The examination of the non-dominant biceps tendon was performed with the subject sitting in an upright position with the upper arm in line with the trunk, the elbow flexed to 90°, the forearm supinated with the wrist in a neutral position and the hand resting on the ipsilateral thigh (Figure 1a). For the biceps tendon, the proximal end of the transducer was positioned such that the apex of the lesser tuberosity of the humerus was at the edge of the ultrasound image field of view and oriented to obtain a longitudinal view of the widest part of the tendon, while maximizing collagen fiber reflection. The biceps brachii tendon fibers were imaged perpendicular to the ultrasound beam to minimize anisotropy. The transducer location was traced on the skin and a steel “A-shaped” reference marker was taped to the skin at the distal end of the transducer footprint. The crossbars of the reference marker (Figure 2) create an interference pattern in the ultrasound image (Figure 3) which is used to define the tendon region of interest (ROI) used during image analysis. Once this initial set-up was completed (preparation #1), two consecutive images (images #1 and #2) of the long head of the biceps were collected while avoiding exerting undue pressure with the ultrasound head. Once the images were taken, the markers were removed and the skin was cleaned to erase all marks.
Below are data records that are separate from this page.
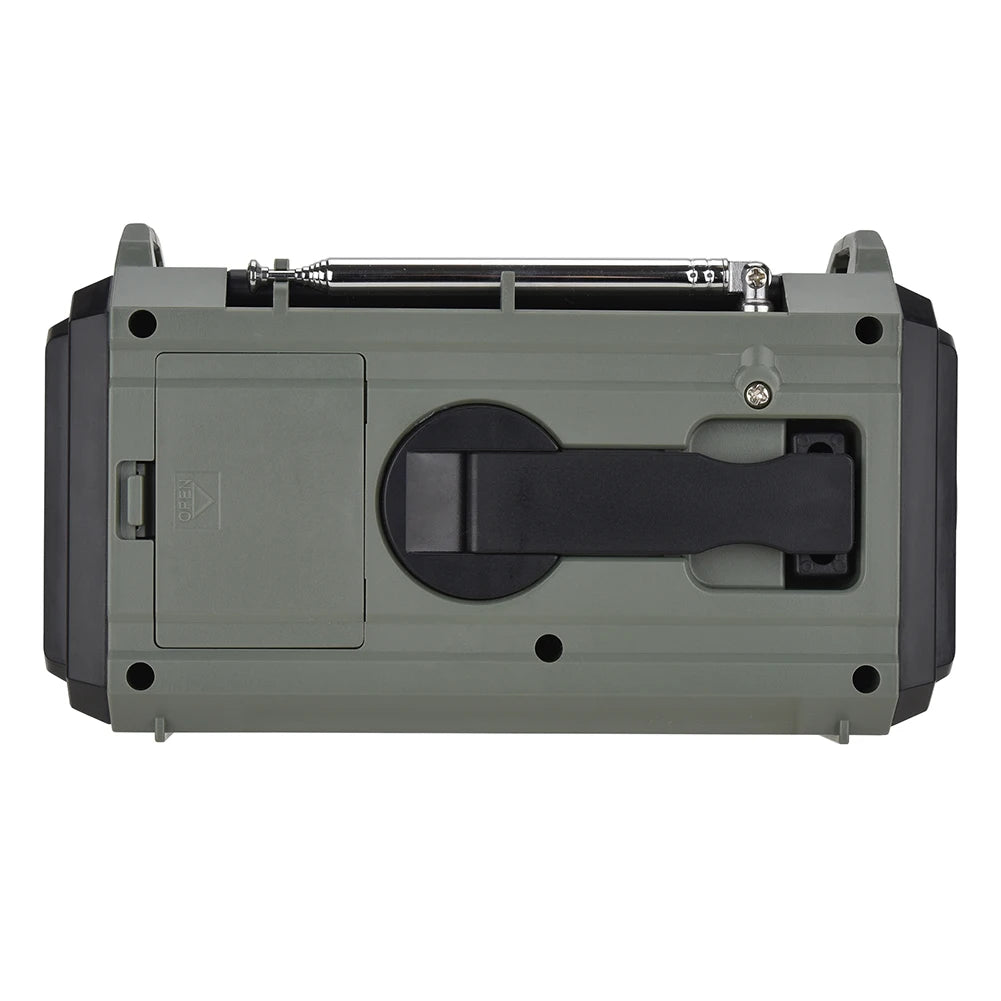 The APWIKOGER 10,000mAh Solar Hand Crank Emergency Radio features a rugged green and black design with a top carry handle, a silver retractable antenna, and a side battery compartment cover.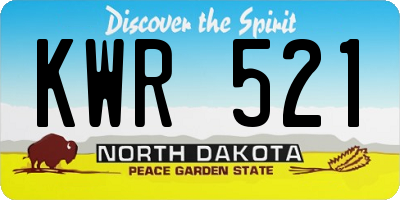 ND license plate KWR521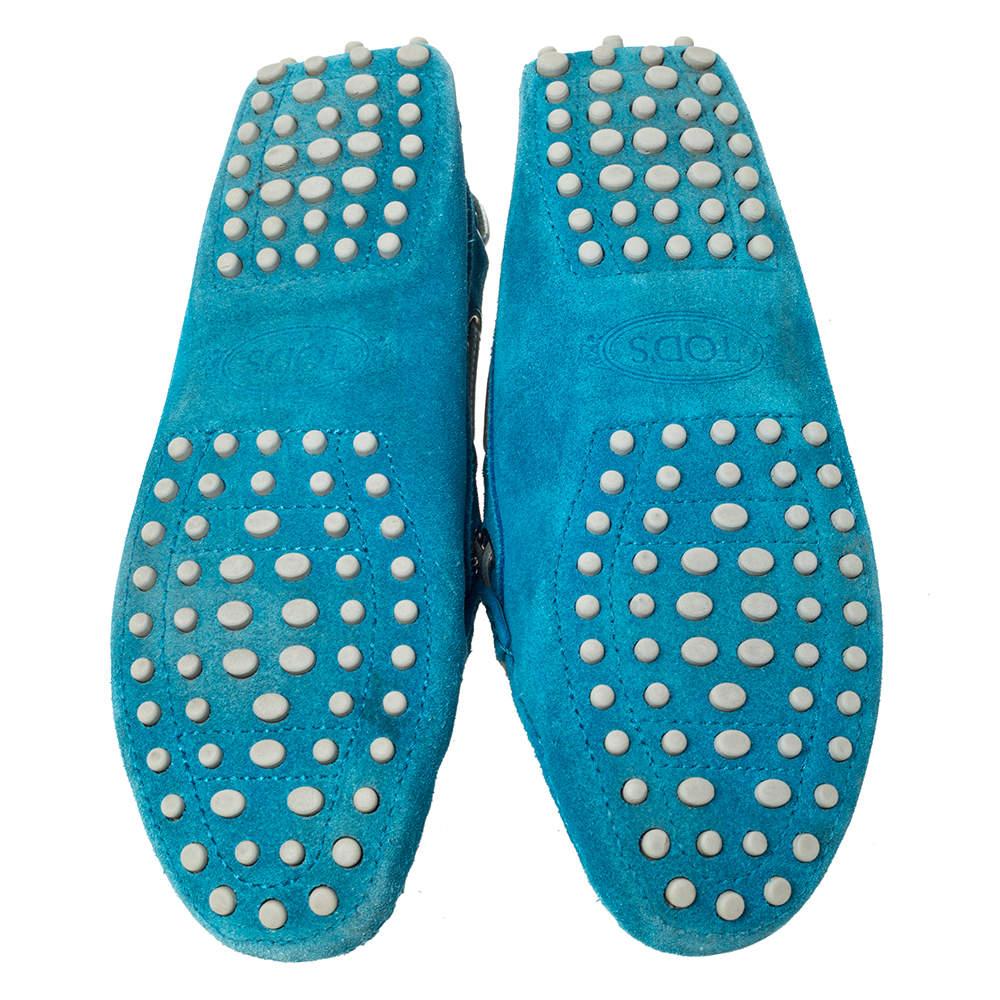Tod's For Ferrari Teal Blue Suede Bow Loafers Size 35.5 1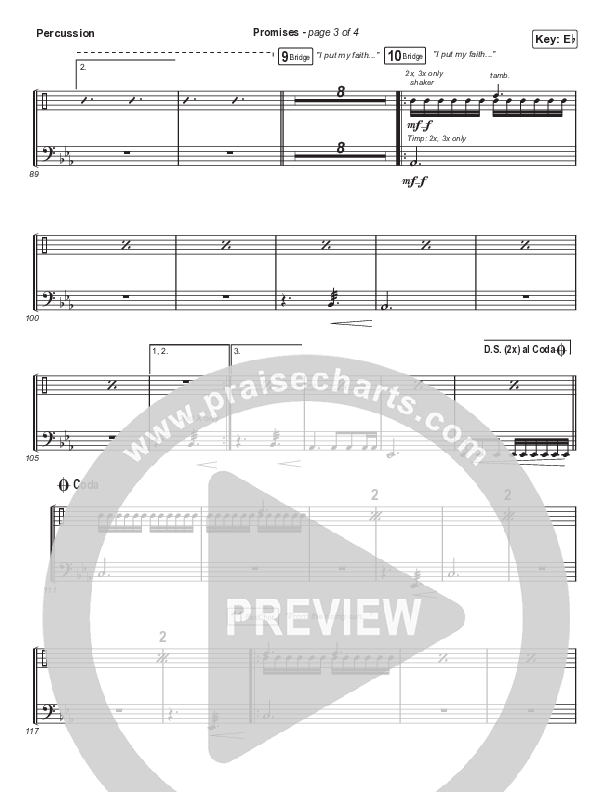 Promises (Worship Choir SAB) Percussion (Maverick City Music / Arr. Erik Foster)
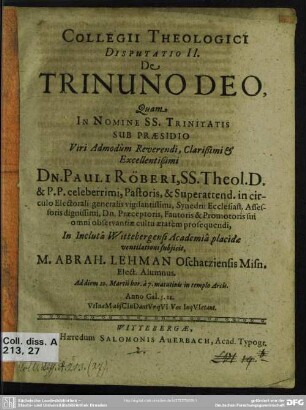 2: De trinuno deo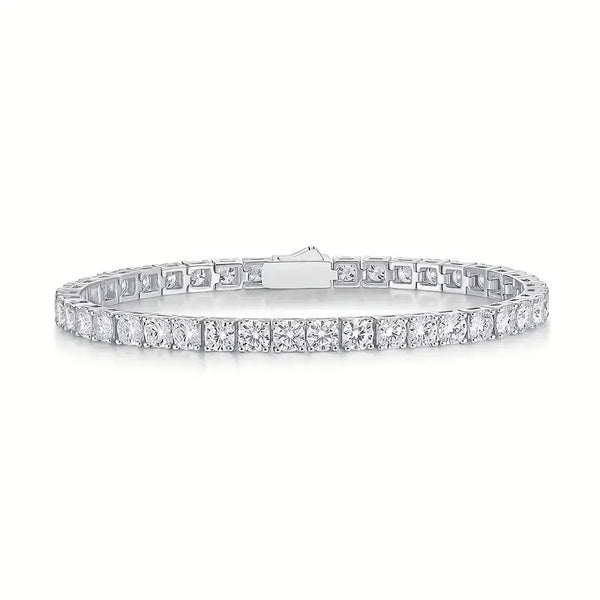 1pc Sterling Silver Golden-plated Moissanite Tennis Bracelet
A similar protocol was followed for the supraspinatus tendon although the upper limb positioning was modified to optimize viewing. For this tendon, the subject placed his palm on his lower back, or wheelchair backrest, with the elbow pointing posteriorly (Figure 1b). The transducer was positioned to obtain a transverse image of the widest part of the supraspinatus tendon, with the rotator interval and cross-sectional view of the biceps tendon clearly in view. The ultrasound beam was maintained perpendicular to the supraspinatus tendon fibers so that the tendon appeared hyperechoic and the adjacent humerus head cortex was brightly reflective in order to avoid tendon anisotropy. A second reference marker was taped to the skin and two images (images #1 and #2) were collected under preparation #1.
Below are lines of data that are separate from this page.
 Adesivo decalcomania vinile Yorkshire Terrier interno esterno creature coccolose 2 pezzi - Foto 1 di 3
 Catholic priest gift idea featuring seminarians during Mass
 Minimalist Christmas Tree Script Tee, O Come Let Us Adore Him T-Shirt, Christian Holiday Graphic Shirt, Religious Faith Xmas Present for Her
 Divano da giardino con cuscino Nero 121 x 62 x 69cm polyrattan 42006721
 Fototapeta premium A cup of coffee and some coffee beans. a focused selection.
After a rest period of approximately 30 minutes, participants underwent a second quantitative ultrasound examination (preparation #2) during which two additional images (images #3 and #4) of the biceps and supraspinatus tendons were recorded. Care was taken to maintain the same standardized seated position, to keep the ultrasound machine settings constant and to replicate the exact measurement protocol during the test and retest examinations. No significant change in the quantitative ultrasound outcomes were expected during the initial and final tests as subjects were instructed to rest between these tests.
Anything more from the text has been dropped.